→ **Assignment**:
Print only the lines from the one with "Toyota Corolla Touring" through the end of the data, exactly, and please omit pictures.
(Data for this task Opens)
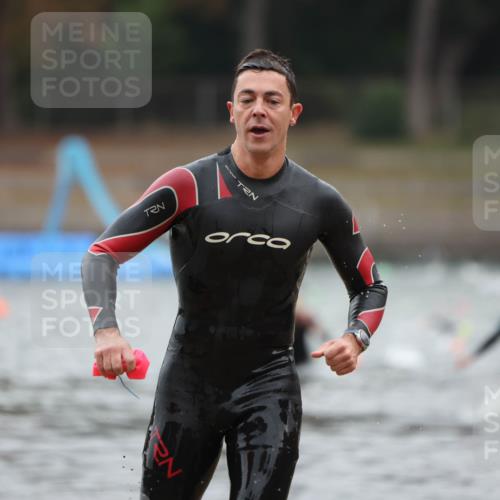 14.09.2025 - Stadtparktriathlon Michael Strokosch http://msf.ph/oto/8864459 14.09.2025 08:52:21 Schwimmen 316, 325, 332, 349 meine-sportfotos.de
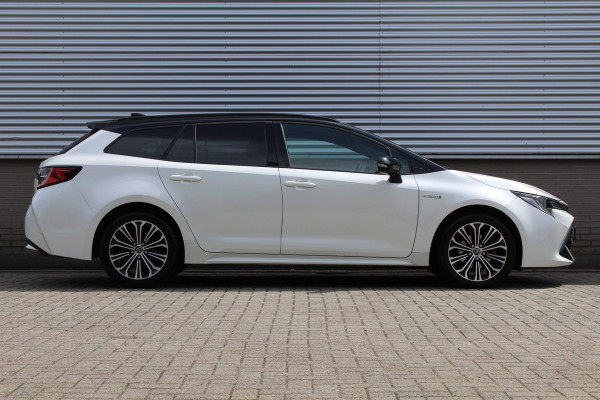 Toyota Corolla Touring Sports 1.8 Hybrid Business Intro | Adaptieve Cruise | Stoelverwarming | Apple Carplay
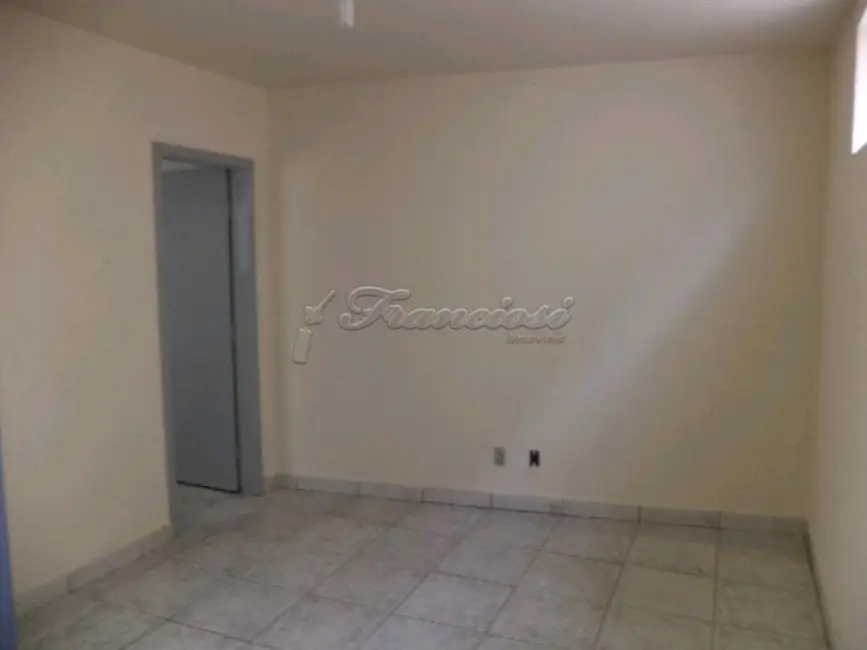 Sala Comercial à venda, 199m2 em Vila Nastri, Itapetininga - SP - imagem 3 Foto 3 de Sala Comercial à venda, 199m2 em Vila Nastri, Itapetininga - SP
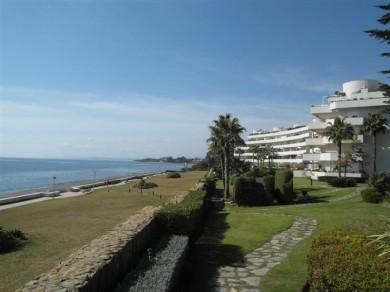 Apartamento con 2 dormitorios se vende en Estepona, Costa del Sol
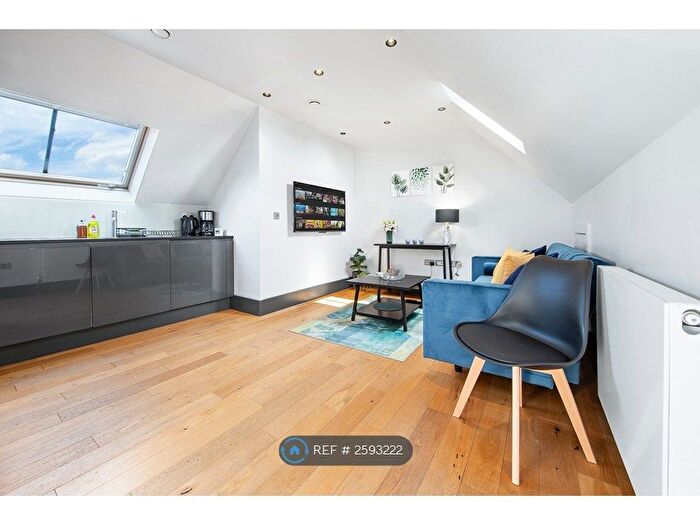 1 Bedroom Flat To Rent In High Street, Hampton, TW12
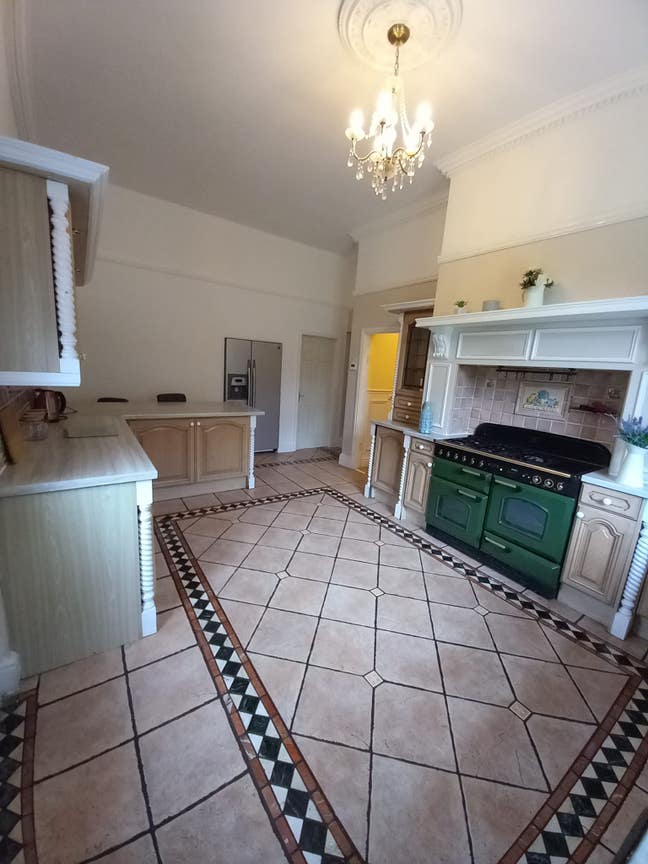 House share 5 rooms. Large house Halewood  Main Photo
(Data for this task Closes)
→ **Exercise response**:
 Toyota Corolla Touring Sports 1.8 Hybrid Business Intro | Adaptieve Cruise | Stoelverwarming | Apple Carplay
 Sala Comercial à venda, 199m2 em Vila Nastri, Itapetininga - SP - imagem 3 Foto 3 de Sala Comercial à venda, 199m2 em Vila Nastri, Itapetininga - SP
 Apartamento con 2 dormitorios se vende en Estepona, Costa del Sol
 1 Bedroom Flat To Rent In High Street, Hampton, TW12
 House share 5 rooms. Large house Halewood  Main Photo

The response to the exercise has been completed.